EXCERPTED DATA -

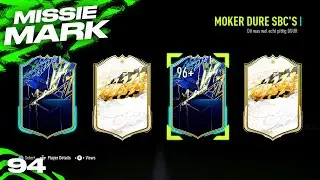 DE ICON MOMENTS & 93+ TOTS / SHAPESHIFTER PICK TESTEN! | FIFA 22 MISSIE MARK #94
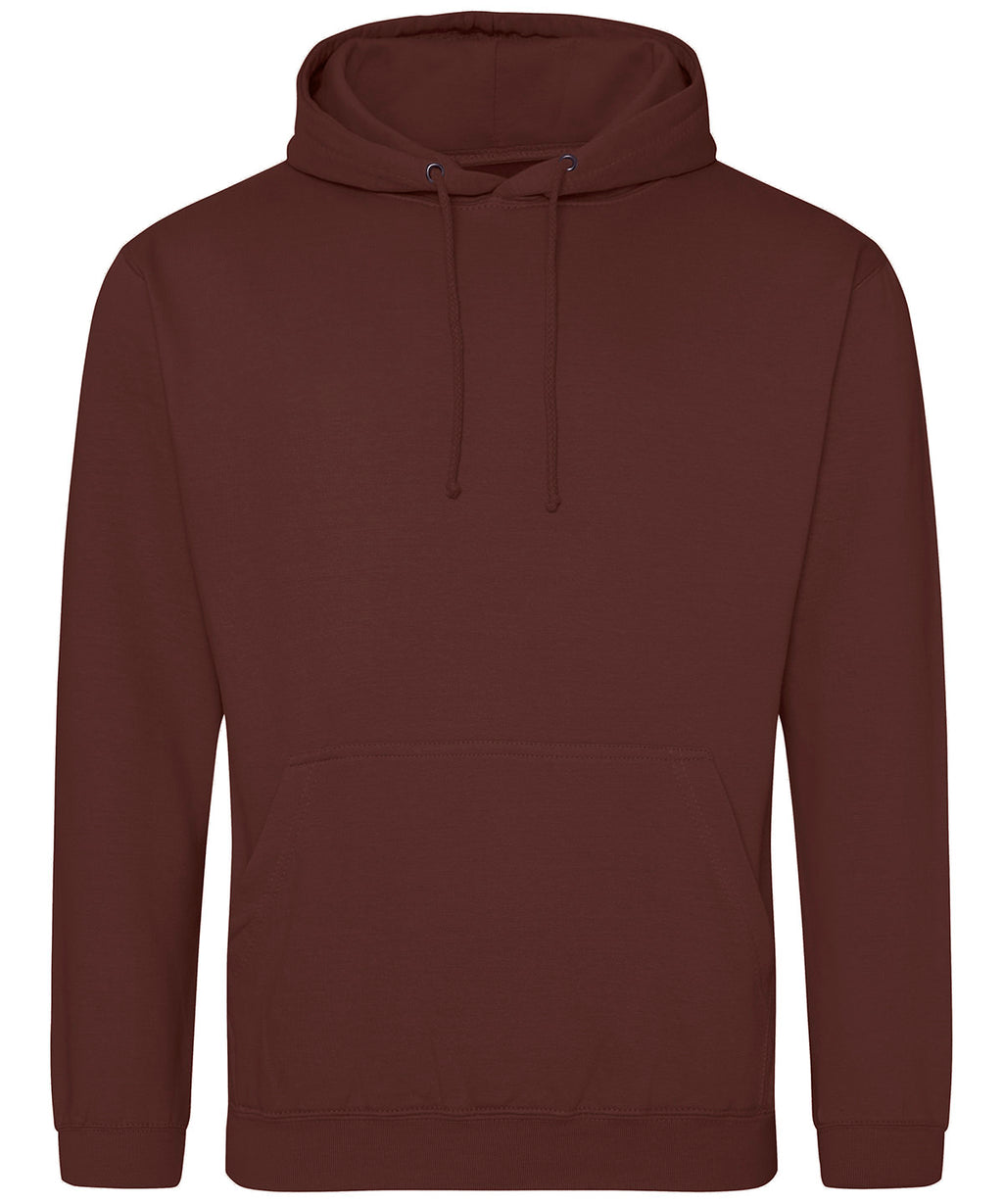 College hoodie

...

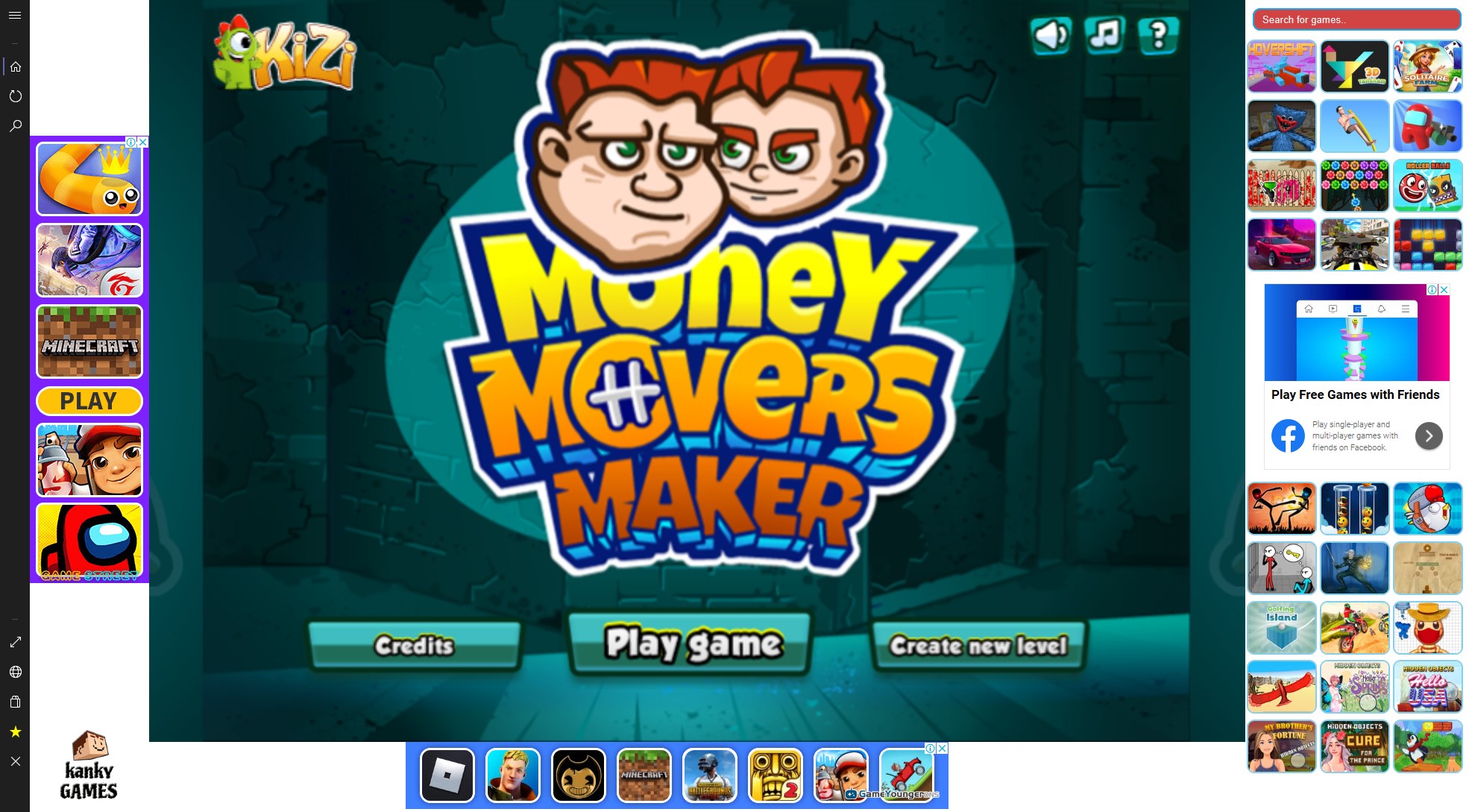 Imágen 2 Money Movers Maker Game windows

---

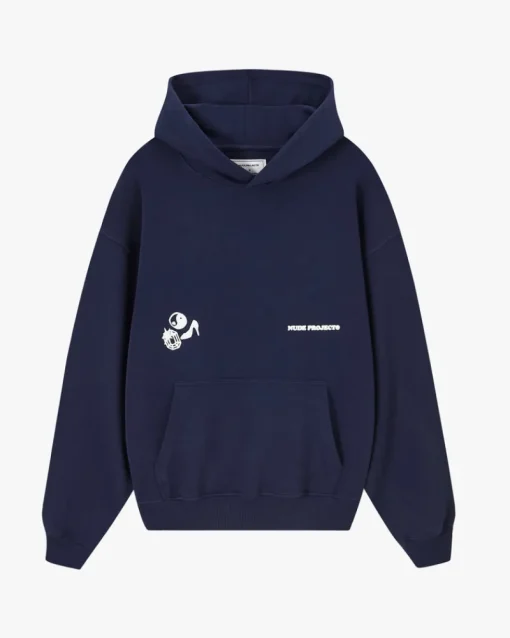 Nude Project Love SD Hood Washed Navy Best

WHAT IS NEEDED - In the entries above, which lines run from the one with "DE ICON MOMENTS" up to and including the one with "College hoodie"? Write them out exactly, without the pictures.

YOUR SOLUTION -
 DE ICON MOMENTS & 93+ TOTS / SHAPESHIFTER PICK TESTEN! | FIFA 22 MISSIE MARK #94
 College hoodie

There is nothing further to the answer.